DIRECTIONS: Reproduce precisely the lines of the listing below, starting with the line that contains "2010 Honda Pilot" and stopping after the line that contains "イルヴィアーレ西高島平オーヴェスト 洗面"; include nothing else.

RECORDS FOR THE TASK:
==============================

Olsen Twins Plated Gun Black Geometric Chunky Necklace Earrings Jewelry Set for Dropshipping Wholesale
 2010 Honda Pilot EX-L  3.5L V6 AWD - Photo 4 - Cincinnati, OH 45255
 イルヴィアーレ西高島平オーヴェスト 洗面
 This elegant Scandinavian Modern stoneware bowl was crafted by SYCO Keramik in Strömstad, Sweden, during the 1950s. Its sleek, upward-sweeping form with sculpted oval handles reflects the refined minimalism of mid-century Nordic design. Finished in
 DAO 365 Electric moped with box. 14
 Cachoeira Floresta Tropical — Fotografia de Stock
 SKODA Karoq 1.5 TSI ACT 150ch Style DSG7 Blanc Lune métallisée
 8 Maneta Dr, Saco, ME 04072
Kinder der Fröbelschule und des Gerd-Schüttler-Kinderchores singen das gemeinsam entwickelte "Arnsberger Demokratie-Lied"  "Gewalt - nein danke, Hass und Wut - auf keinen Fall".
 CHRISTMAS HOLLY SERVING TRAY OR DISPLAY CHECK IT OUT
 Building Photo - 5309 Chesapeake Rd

==============================

RESPONSE AREA:
 2010 Honda Pilot EX-L  3.5L V6 AWD - Photo 4 - Cincinnati, OH 45255
 イルヴィアーレ西高島平オーヴェスト 洗面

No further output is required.